Separating True From False Violations
In order to isolate real clock domain crossing issues, it is necessary to detect various synchronization schemes--not just basic two-flop or multi-flop synchronizers, but more complex mechanisms, such as handshakes and FIFO-based schemes. Once detected, these synchronizers need to be verified as working correctly.
Both detection and verification have their own set of challenges, but when they are done properly, one can confidently claim correctness of these clock domain crossings. This knowledge, in turn, can be used to filter out false violations, which typically result when a tool fails to recognize properly synchronized crossings and instead reports them as unsynchronized. Many tools lack the ability to detect, much less functionally verify, handshake structures. Given that it is now commonplace to find up to 80 percent of CDCs controlled by handshakes in large design modules, the false violations can be plentiful, numbering in the hundreds. They may number in the many hundreds. No wonder designers complain about false violations & handshakes! Similar problems arise with FIFO synchronizers.

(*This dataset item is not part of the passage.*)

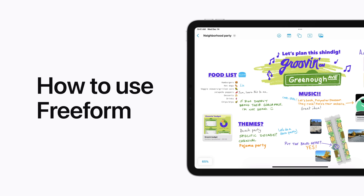With Freeform, you can create collaborative whiteboards with your friends and family using drawings, text, links, photos, and more. We'll show you how you can work together or alone to bring your ideas to life.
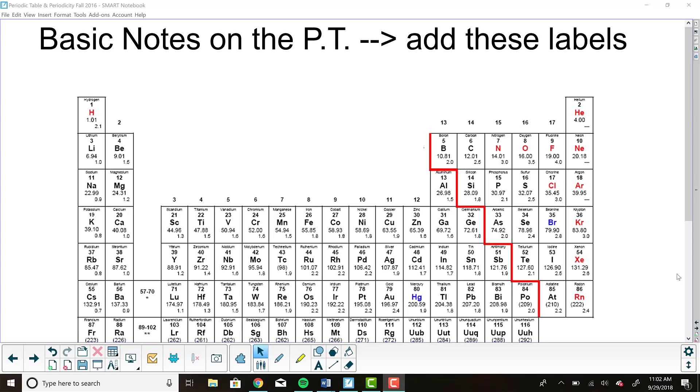Hi guys, today we're going to be talking about different organizational schemes about the periodic table. We're going to be going over some basic notes.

1. Typical handshake structure can generate false CDC violations
Handshake synchronizers rely on request-acknowledge protocols (Fig.1).
A request signal is sent from the source domain when the data is stable. The destination domain waits for the request signal to capture the data, then sends back an acknowledge signal to the source domain. The source domain can now de-assert the request and prepare for the next data transfer.
The control, request and acknowledge signals may be synchronized using standard dual-rank synchronizers. However, since the protocol requires the request to be high until an acknowledge signal is received, the designer may determine that the crossing is safe and that no synchronization of REQ-ACK signals is necessary. Traditional CDC tools that look only for a double-flop synchronizer in such cases will report these crossings as unsynchronized, resulting in a large number of false violations. These false violations, in turn, will be embedded in a long list of unsynchronized crossings, and it becomes a tedious process to go through and identify the buses that are properly synchronized using a handshake synchronizer.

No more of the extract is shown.